A Bouquet of Hammers
Every so often, though, someone manages to re-define the boundaries of the template, and come up with a piece that challenges the intellect, rouses the emotions, dazzles the senses. Sometimes a young turk in the industry can surprise you the way audiences must have been surprised when they first saw John Frankenheimer's The Manchurian Candidate back in the '60s. A Christopher Nolan, perhaps, with Memento (you haven't seen it yet? GET THEE TO A VIDEO STORE, CRETIN!!). Takashi Miike with Audition, which unsettles you with its eerie quiet before knocking you between the eyes with its nauseating torture sequence. Dirty Pretty Things, a return to form of sorts for Stephen Frears (plus it has Audrey Tatou, which never hurt any movie).
Add to that list: Oldboy, a troubling, shocking, sexy, funny, brutal, surreal and bizarrely redemptive fever dream from South Korea, directed and co-written by Chan-wook Park.
Min-sik Choi, in one of the best performances I've watched all year, is Dae-su Oh, a fairly ordinary man who, like many ordinary men, drinks too much. We meet him in a stupor, where general drunken goofiness and gently amusing references to his young daughter--he puts on a pair of white, feathery angel wings ostensibly meant to be a costume for a performance and frolics for the camera--progress to violent and tantrumic outbursts. He's carried out by a friend . . . and next seen in a cramped, seedy "motel" room with a prison-style door. He spends his time with no human contact but a television (no cable, even), fed only fried dumplings and periodically put to sleep with gas so his (unseen, unknown) captors can clean him, cut his hair & nails and change his clothes.
Fifteen years later, Dae-su is released to a grassy rooftop with a new suit. He soon after acquires a cell phone, on which he receives calls from his captor and is given clues to find out who imprisoned him and why. After enlisting the aid of a sympathetic waitress (thank God for those), Mi-do, he gradually sniffs and fights his way to the answers.
It's both fortunate and unfortunate that I can't say much more about the plot. Truth be told, the story, as complex and intelligently wrought as it is, is less a matter of plot than of puzzle. For all it's violence--and there's plenty--Oldboy is a meditation. Like Kill Bill Volume II, vengeance is no mere pretense for lots of violence (as it seemed to be in Kill Bill Volume I--and I'll have you know I was perfectly fine with that): It's a human impulse that is explored, studied and well-chewed-on. In a rare turn for a revenge pic, forgiveness is actually mentioned. More than mentioned, it is sought, discarded and revisited. Memory, too, gets a thorough exploration, on a continuum that calls to mind Memento's questioning of the human mind, and whether its contents and recollections are to be trusted.

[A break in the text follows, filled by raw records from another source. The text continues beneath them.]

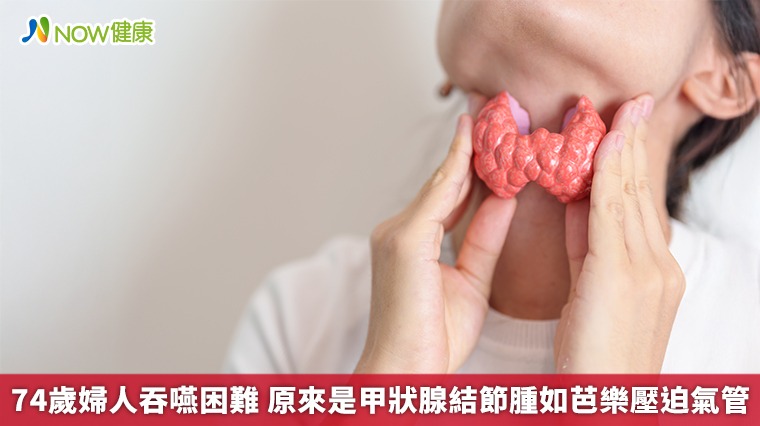 74歲婦人吞嚥困難 原來是甲狀腺結節腫如芭樂壓迫氣管 74歲婦人吞嚥困難 原來是甲狀腺結節腫如芭樂壓迫氣管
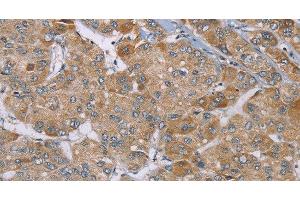 Immunohistochemistry of paraffin-embedded Human liver cancer using ACTN2 Polyclonal Antibody at dilution of 1:30 (ACTN2 抗体)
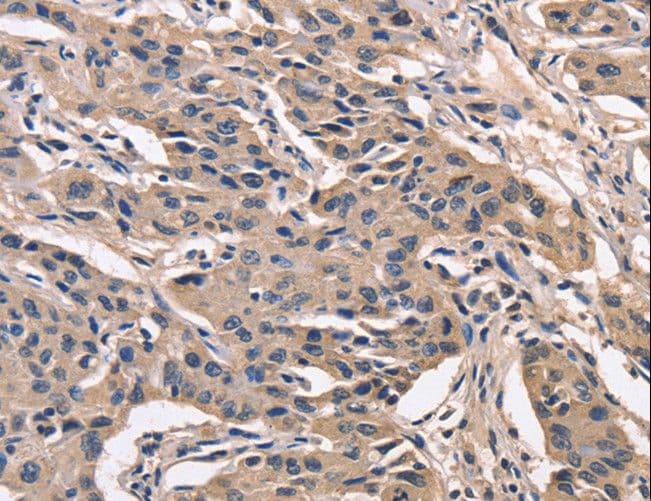 PEBP1 / RKIP Antibody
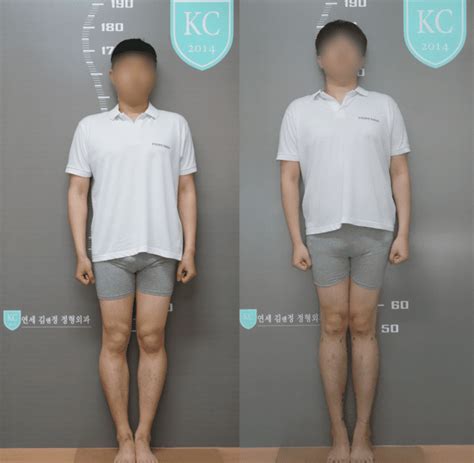 Image result for Dwarfism Leg Extensions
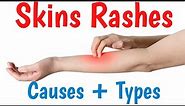 Skin Rash | Causes, Symptoms, Types & Diagnosis |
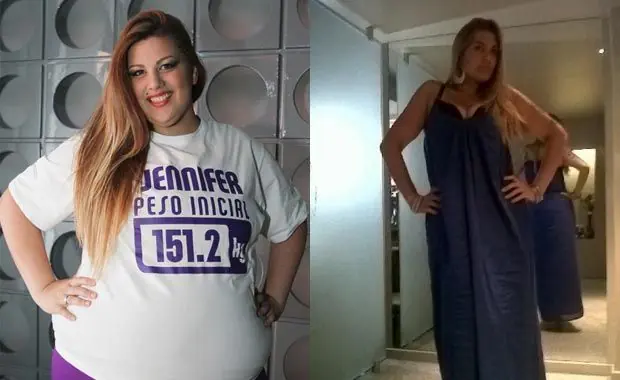 La transformación de Jenny, después del tratamiento en Cue
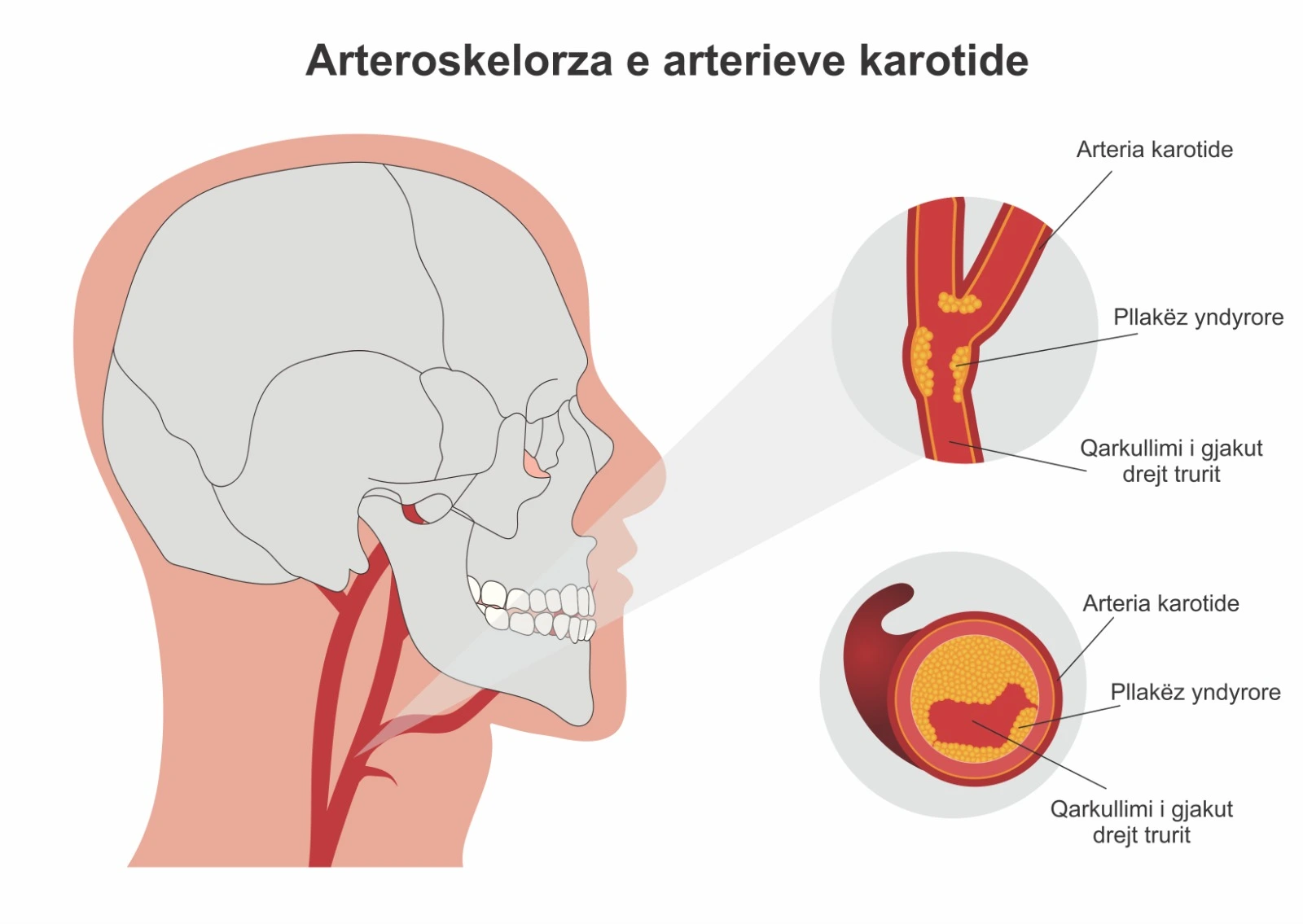 Diagram që paraqet arterosklerozën në arteriet karotide, me pllaka yndyrore që ngushtojnë arterien dhe pengojnë qarkullimin normal të gjakut drejt trurit.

It's only fair to warn that this movie isn't for the weak of stomach. While not as bloody as Kill Bill or flagrantly amoral as Ichi the Killer, Chan-wook Park is more than willing to push an envelope or two: A man devours a live octopus for the camera; a claw hammer is used as a dental instrument before becoming a formidable weapon in a long and brutal fight; various acts of torture and self-immolation accompany our "hero's" quest. As purplestine said after the film, "I loved it, except for the parts I couldn't watch."
A word or two on the fighting in the film: While not as balletic as anything in a Jet Li movie, as mind-bendingly precise as Jackie Chan's choreography or as focused and vicious as any of the moves immortalized by Bruce Lee, the efficient, brutal choreography--basic street-level pugilism (without the rules), leavened with a subtle dash of Muay Thai's circularity and force--seems more real than anything I've ever seen onscreen. When Dae-su takes on a veritable battalion of thugs in a long, dark corridor, armed with the aforementioned claw hammer, what should be an implausible maiming spree makes perfect, naturalistic sense, so skillfully does the choreography and direction convey the sense of a man so driven by his fury that he can't be put out of commission.
I won't give anything away about the end . . . except to say that those critics and viewers who found it hollow, nihilistic or self-defeating weren't paying attention. Indeed, the resolution of the story grows naturally from its thematic wistfulness, the anxious, inconstant faith that even in the midst of chaos, vengeance, violence and deception, love and redemption are possible . . . and necessary.
A side note on Korean cinema: I've had a reasonable bit of experience with Chinese and Japanese cinema. While I've always enjoyed both, they actually share a magnified version of a flaw endemic to American cinema: Lots of violence in a very, very sexless atmosphere. Korean cinema, or what little I've seen of it, has no such reservations. Both films by Ki-Duk Kim that I've seen--The Isle, which is quite good, and Spring, Summer, Fall, Winter . . . and Spring, which is outstanding (more on those in a future post, I'm sure)--were extremely sexual; and Oldboy is also not fearful with regards to sex. Granted, sex is dangerous in all of these movies; but even a pro-sex sort like me has to admit that, good, bad, comforting or nihilistic, all of my sexual experiences were at least a little dangerous.